Brezilya ve Arjantin
Bu iki ülke, tıpkı Japonya-Güney Kore ikilisi gibi birbirlerine oldukça benzeyen, kaderleri bir olacak iki ülke. Bunlardan Arjantin, İngiltere ile giriştiği Falkland savaşı neticesinde yıllardır yaptırımlarla boğuşurken, Brezilya ise ABD’nin gölgesinden çıkmak ile daha da karanlığına batmak arasında gidip geliyor. Her iki ülke de kendince sorunlara sahip olsa da özünde ABD’nin eski Monroe doktrininin yansımalarından kurtulmak için çaba saf ediyor. Gelecek yıllarda önemi daha da artacak bu iki devletin kaderini ise yine kendi halkı belirleyecek.
Afrika ülkeleri
Afrika ülkeleri, yüzyıllarca batı tarafından sömürüldü; kaynaklarına el kondu, halkı köle yapıldı ve kültürel zenginlikleri çalındı. 20. Yüzyıla kadar devam eden bu süreç, İkinci Dünya savaşından sonra çatırdamaya başladı. Savaşla beraber gücünü kaybeden Avrupa devletleri, artık sömürgelerinde hakimiyet sağlayamaz hale geldi. Bunun üzerine Sovyetler birliğinin de siyasi ve askeri yardımlarıyla, bu sömürgeler birer birer ayaklanarak bağımsızlıklarını elde ettiler. Ancak batılılar resmi olarak oralardan ayrılsalar da yıllarca kurdukları düzen aynen kaldı ve uzaktan sömürmeye devam ettiler. Afrika halkı yine kaynaklarına ulaşamaz, onları kullanmaz hale geldi. Fakirliğin hayatın bir parçası olduğu bu ülkelerde ise artan Çin, Rus ve Türk etkisi ile batılılar artık denklem dışına çıkmaya zorlanıyor. Yakın zamanda Afrika’da yaşanan Rus destekli darbelerle beraber Fransız askerleri kıtayı terk etmeye başladı. Kıta artık batı sömürgesi olmaktan çıkıp kendi topraklarında kendi söz sahibi olmak için daha kararlı.
Kıta Afrika’sının geleceğinin ne olacağı ise çok belirsiz. Bir yandan artan fakirlik ve nüfus, diğer yandan iklim krizi ile birlikte artan göçler kıtanın geleceğini olumsuz bir çizgiye kaydırmakta.
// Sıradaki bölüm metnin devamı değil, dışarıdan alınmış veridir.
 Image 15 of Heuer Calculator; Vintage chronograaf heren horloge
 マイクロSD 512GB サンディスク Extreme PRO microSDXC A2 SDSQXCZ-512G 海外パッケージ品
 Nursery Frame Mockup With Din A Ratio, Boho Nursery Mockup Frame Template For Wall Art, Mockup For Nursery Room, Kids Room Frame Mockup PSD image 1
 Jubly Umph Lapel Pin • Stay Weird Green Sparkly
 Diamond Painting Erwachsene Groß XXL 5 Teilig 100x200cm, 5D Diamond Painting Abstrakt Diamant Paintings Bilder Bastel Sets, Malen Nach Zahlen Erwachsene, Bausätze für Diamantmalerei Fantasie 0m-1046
Görüldüğü gibi, 110 yıl önce olduğu gibi şimdi de batı kaybetmeye başladığı gücünü tekrar toparlamanın peşinde. Bunun için de her türlü eylemi yapmaktan da çekinmiyor. Gücünü yükselen Çin ve diğer aktörler ile paylaşmak istemiyor.
Tüm bu çabalar kendi hakimiyetlerini garantiye almak için yaptıkları acınası eylemlerden ibaret, dünya ve insanlık bu kadar basit değil. İnsanlık doğası gereği muhafazakâr bir yapıya sahip, alışkanlıklarını korumakta da oldukça ciddi ve vahşi olabiliyor. Özellikle son dönemde batıya ve onların dayatmaya çalıştığı bu Woke kültürüne sesler çok daha ciddi bir biçimde yükseliyor. Batı karşıtı politikalar, daha çok muhafazakâr ve gelenekçi çizgiler üzerine kuruluyor, tıpkı Rusya’nın ve Çin’in yaptığı gibi. Hızla bu saflara başka ülkeler de katılıyor. Kendi içlerinde bile birçok grup ve insan bu durumdan bıkmış vaziyette, Avrupa’da yükselen ırkçı akımlar ve partiler bunun en net örneği.
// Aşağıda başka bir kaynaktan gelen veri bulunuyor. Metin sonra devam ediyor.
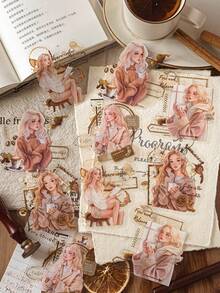 CANDY POETRY 10张/包 复古美学少女主题贴纸，DIY装饰剪贴簿材料，节日礼物，个性化文具用品 - 白色 - 查看 6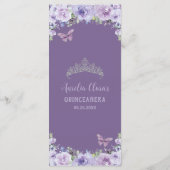 Paars Lila Floral Silver QUINCEAÑERA-partijmenu Programmakaart (Achterkant)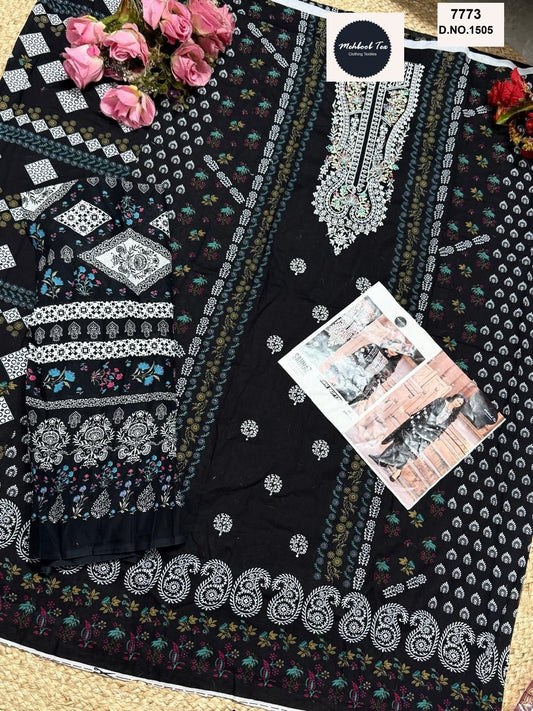 1505 Sahnaz Black And White Collection Mehboob Tex Embroidery Pakistani Salwar Suits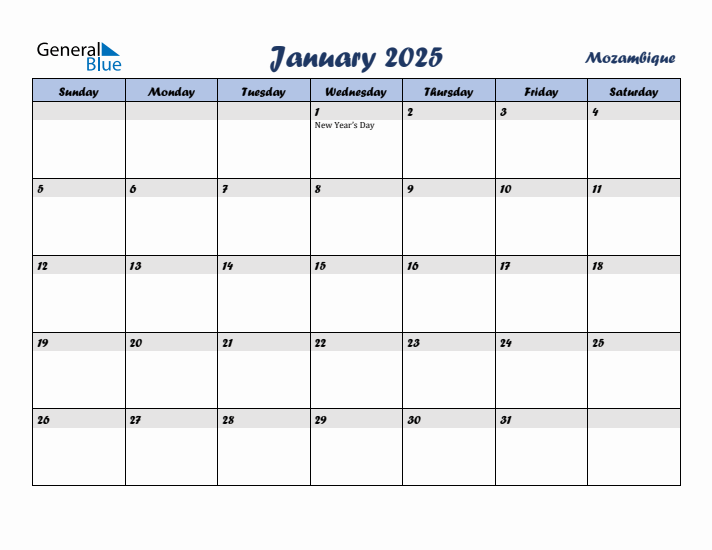 January 2025 Calendar with Holidays in Mozambique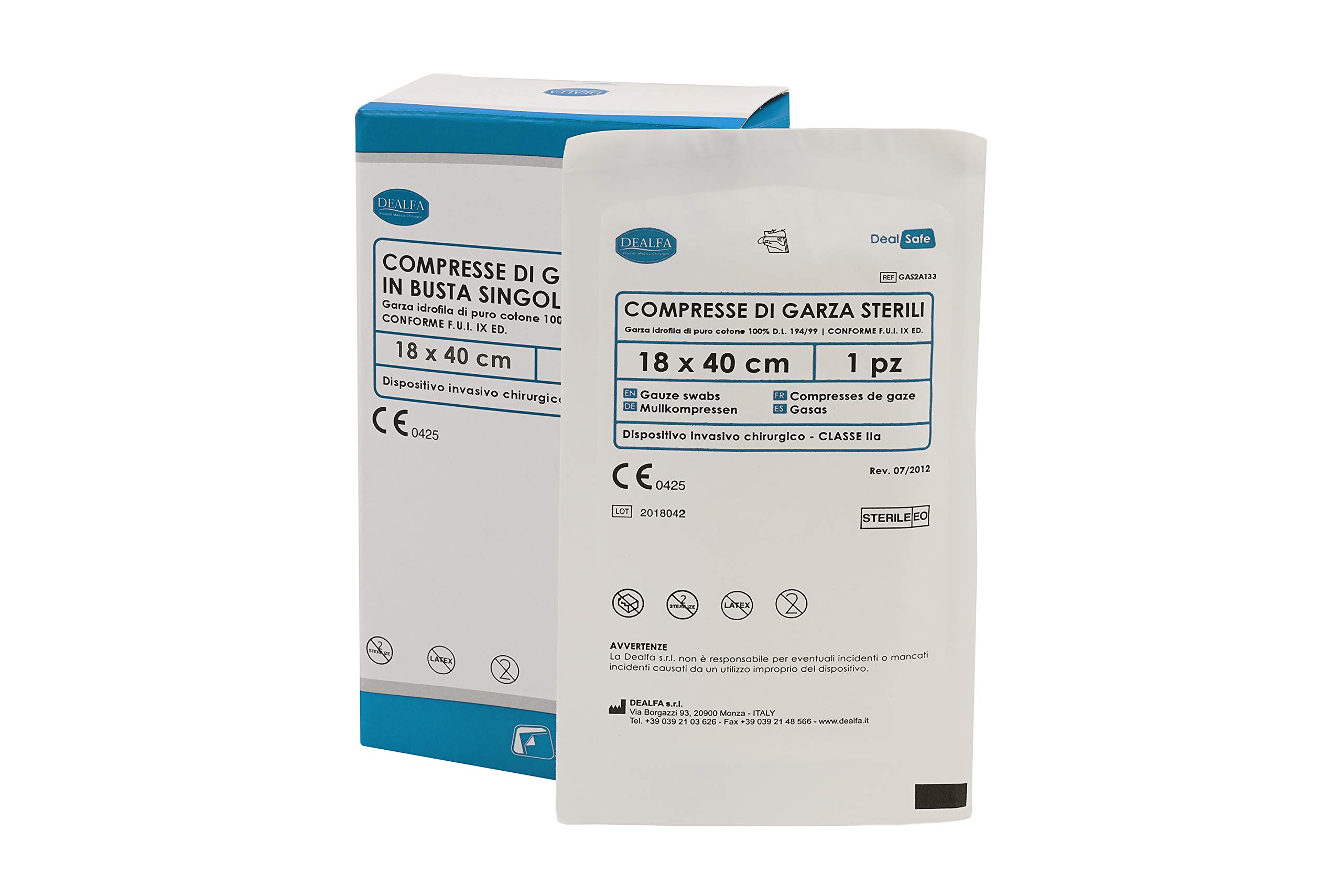 DEALFA Compresse di Garza Sterili - 18x40 cm - 100% Puro Cotone - per Medicazione, Cura e Pulizia Ferite - Monouso - Busta Singola da 1 Pezzo - Confezione da 12 Buste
Sonuç olarak dünya çapında gerginlikler gittikçe artıyor, savaşlar ve iç çatışmalar kızışıyor. 21. Yüzyıl dünyasında her kıtada en az bir savaş veya iç çatışma var. Uç ideolojiler ülkelerin içinde büyüyor ve gelişiyor. Durum 110 yıl öncesine oldukça benziyor, umarız kaderimiz onlarla aynı olmaz.